Los principales focos republicanos se extendieron a lo largo del arco periférico, sobre todo en los núcleos urbanos. Fueron mayoritarios en Gerona, Barcelona, Lérida, Huesca, Valencia, Sevilla, Cádiz, Málaga, Alicante y Zaragoza. Obtuvieron altos porcentajes de votación en Badajoz y Murcia, mientras que el interior agrario sólo eligió un diputado republicano para las provincias de Salamanca, Toledo, Valladolid y Teruel. En la circunscripción de Madrid ciudad cosecharon 16.000 votos pero ningún diputado. En cuanto a los carlistas, consiguieron sus mayorías en Vizcaya, Guipúzcoa y Navarra, pero también estuvieron representados en Gerona, Salamanca, Ciudad Real y Murcia.

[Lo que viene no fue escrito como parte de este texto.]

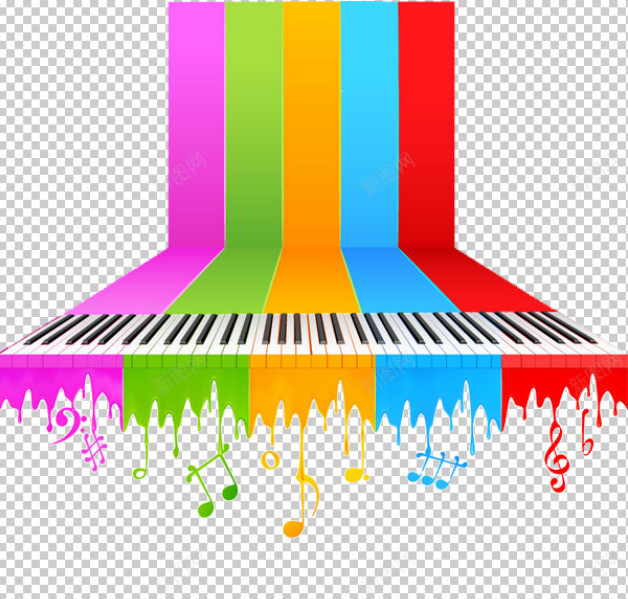 彩色钢琴png免抠素材_新图网 https://ixintu.com 彩色钢琴音符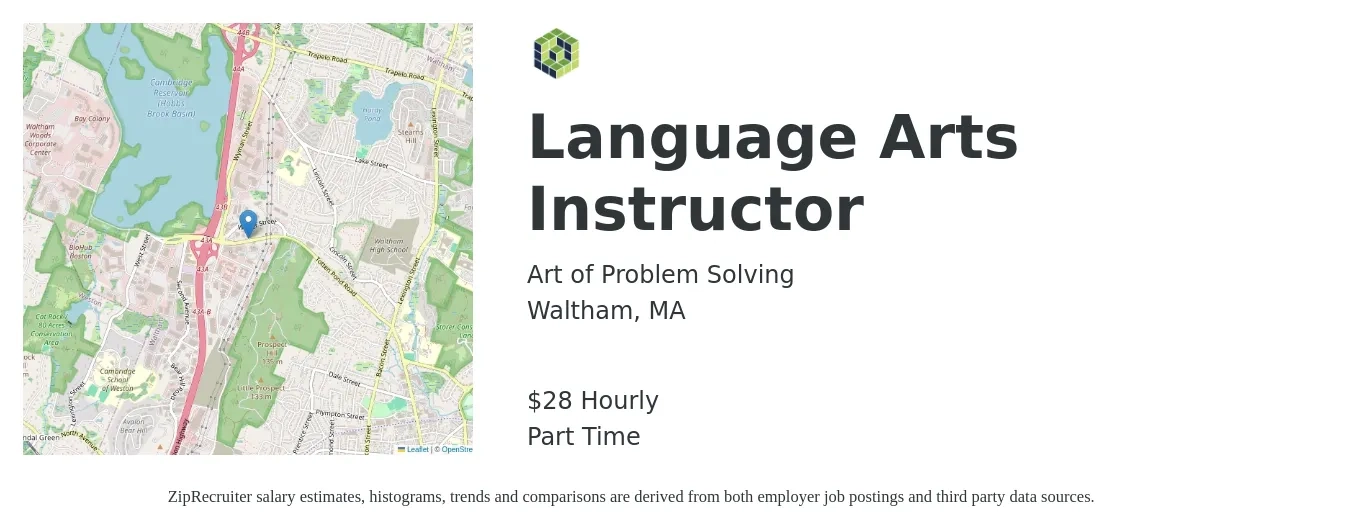 Art of Problem Solving job posting for a Language Arts Instructor in Waltham, MA with a salary of $30 Hourly with a map of Waltham location.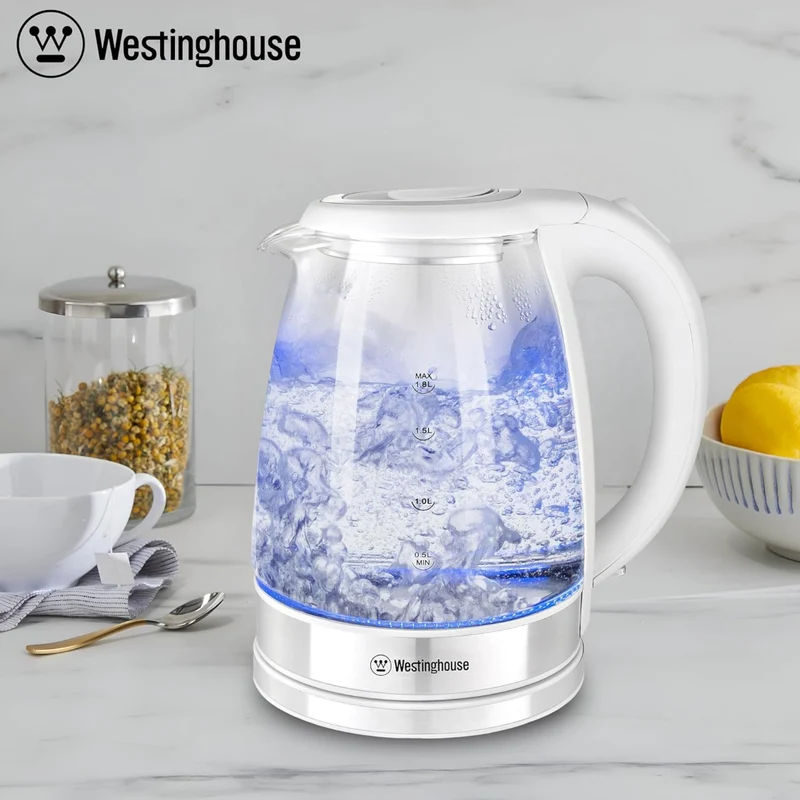 Westinghouse Hervidor Eléctrico de Vidrio Simple Life de 1,8 Litros, WKWKKL21WH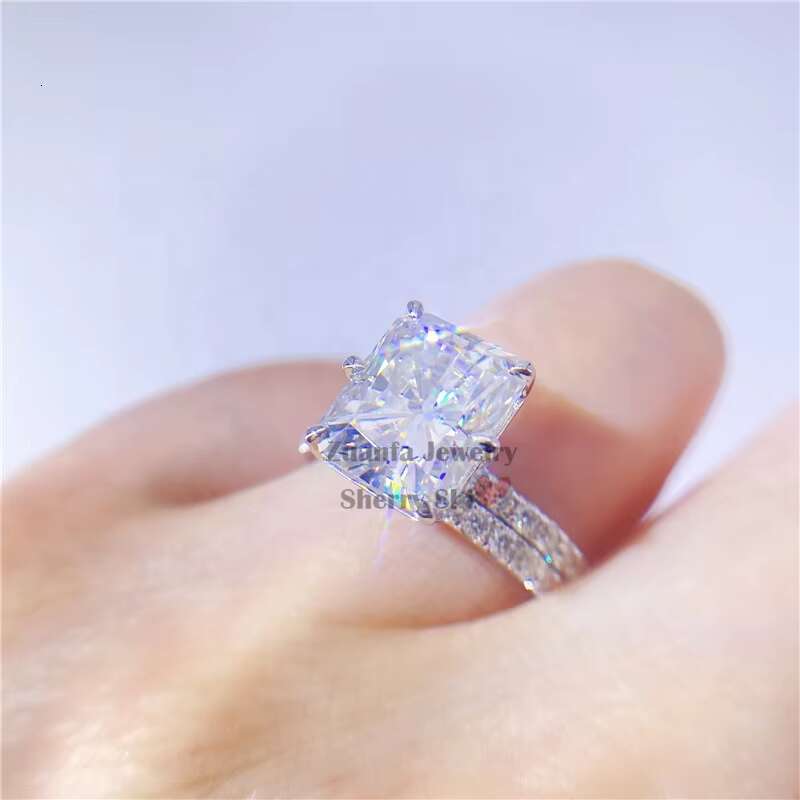 Radiant Cut Gra Certificated 10k 14k 18k White Gold Moissanite Engagement Ring Set
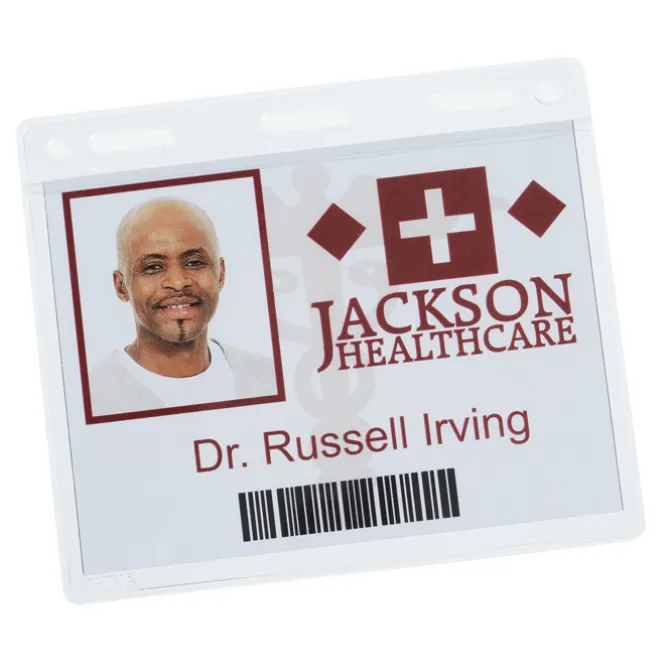 Clear Vinyl Badge Holder with Hi-Back Slot - 24 hr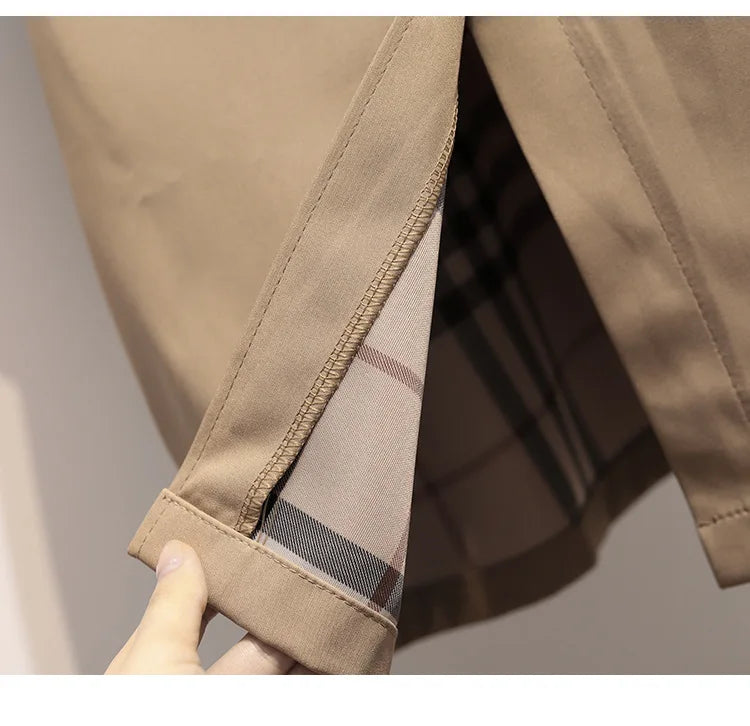 Women Fashion Trench New Coat Spring Autumn Korean Long Sleeve With Belt Jackets Solid British Style Coats Women's Chic Outwear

Comparada con elecciones anteriores fue innegable la claridad y pulcritud del acto electoral, siempre teniendo en cuenta la inevitable intromisión del ministro de la Gobernación, en este caso Sagasta, que según testimonios de la época actuó de eficaz aprendiz electorero. En los distritos urbanos se realizó la habitual presión del poder público sobre su cohorte de empleados civiles y militares. En cuanto a los distritos rurales, más que el pucherazo en el sentido estricto del término, lo que funcionó, en un ambiente de escasa cultura política y de casi nula experiencia participativa, fueron los mecanismos de presión basados en las relaciones de dependencia y subordinación, característicos de las pequeñas localidades rurales pobremente desarrolladas, donde la protección del notable tenía como contrapartida la vinculación del voto. Sería una forma de caciquismo antropológico donde el binomio protección-dependencia imponía sus normas. Un caciquismo que todavía no articula la vida política como en la España de la Restauración, pero que, como fenómeno cultural, mediatizaba la vida cotidiana. Estas formas de presión continuaron a lo largo y ancho del Sexenio. Téngase en cuenta que jamás un Gobierno perdió unas elecciones generales. Resulta significativo el aparente vuelco electoral de las dos elecciones casi inmediatas de 1872, ambas ganadas sobradamente por los respectivos gobiernos.
En estas elecciones de enero de 1869 tuvo gran alcance la popularidad obtenida por el Gobierno provisional, en el cenit de su auge, dada su acelerada actividad legislativa en lo referente a la promulgación de las libertades públicas, y la excelente imagen que el propio gabinete supo dar de su actuación en el discurso electoral. Mitos tales como Prim o Serrano, en plena pujanza, condicionaron el voto de una gran parte del electorado. En realidad, los votantes prolongaron su confianza en el Gobierno provisional que, salvo en el tema de las quintas, había intentado cumplir con las propuestas políticas surgidas de las juntas revolucionarias.